- _RECORDS SUPPLIED_
▬▬▬▬▬▬▬▬▬▬
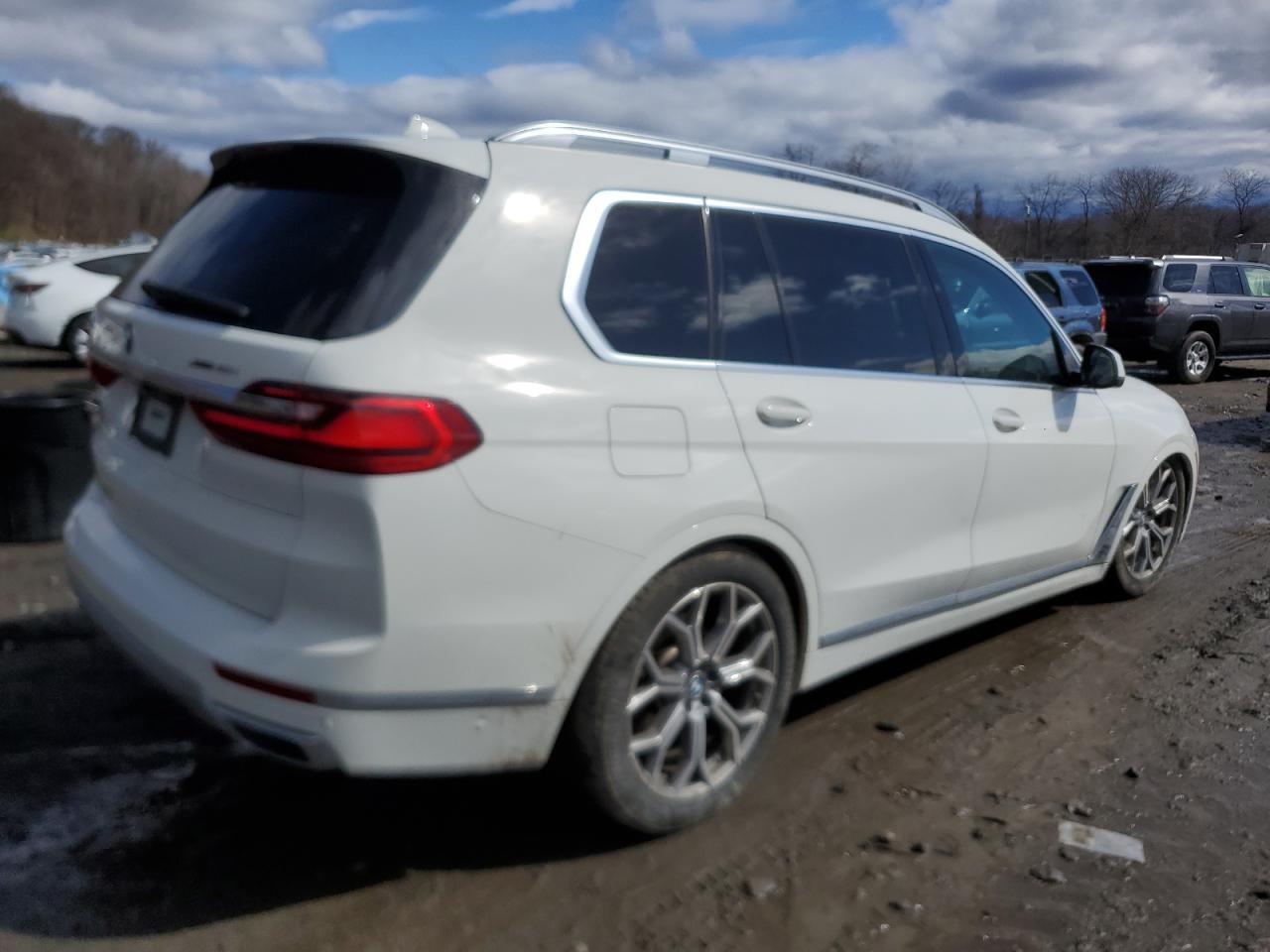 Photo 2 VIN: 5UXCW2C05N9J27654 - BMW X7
▬▬▬▬▬▬▬▬▬▬
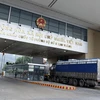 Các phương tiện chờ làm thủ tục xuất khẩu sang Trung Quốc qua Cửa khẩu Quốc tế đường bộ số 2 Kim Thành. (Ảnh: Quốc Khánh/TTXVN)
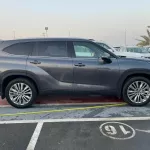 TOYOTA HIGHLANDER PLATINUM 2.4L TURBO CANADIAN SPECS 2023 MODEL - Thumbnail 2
▬▬▬▬▬▬▬▬▬▬
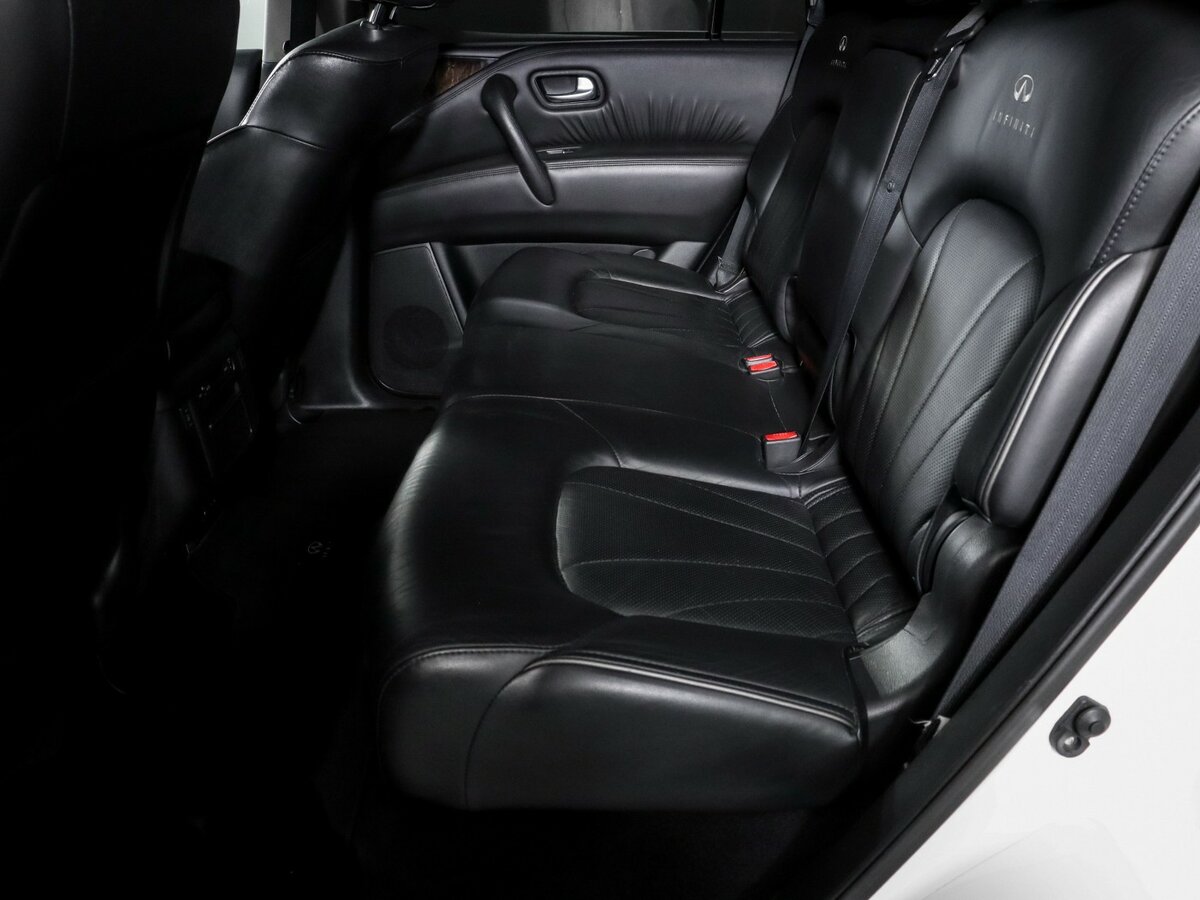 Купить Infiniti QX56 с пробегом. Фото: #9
▬▬▬▬▬▬▬▬▬▬
- _WORK TO BE COMPLETED_
Starting with the line that has "Các phương tiện" and going on through the line that has "TOYOTA HIGHLANDER PLATINUM", transcribe the records above exactly, but skip the pictures.

- _FINISHED TASK_
 Các phương tiện chờ làm thủ tục xuất khẩu sang Trung Quốc qua Cửa khẩu Quốc tế đường bộ số 2 Kim Thành. (Ảnh: Quốc Khánh/TTXVN)
 TOYOTA HIGHLANDER PLATINUM 2.4L TURBO CANADIAN SPECS 2023 MODEL - Thumbnail 2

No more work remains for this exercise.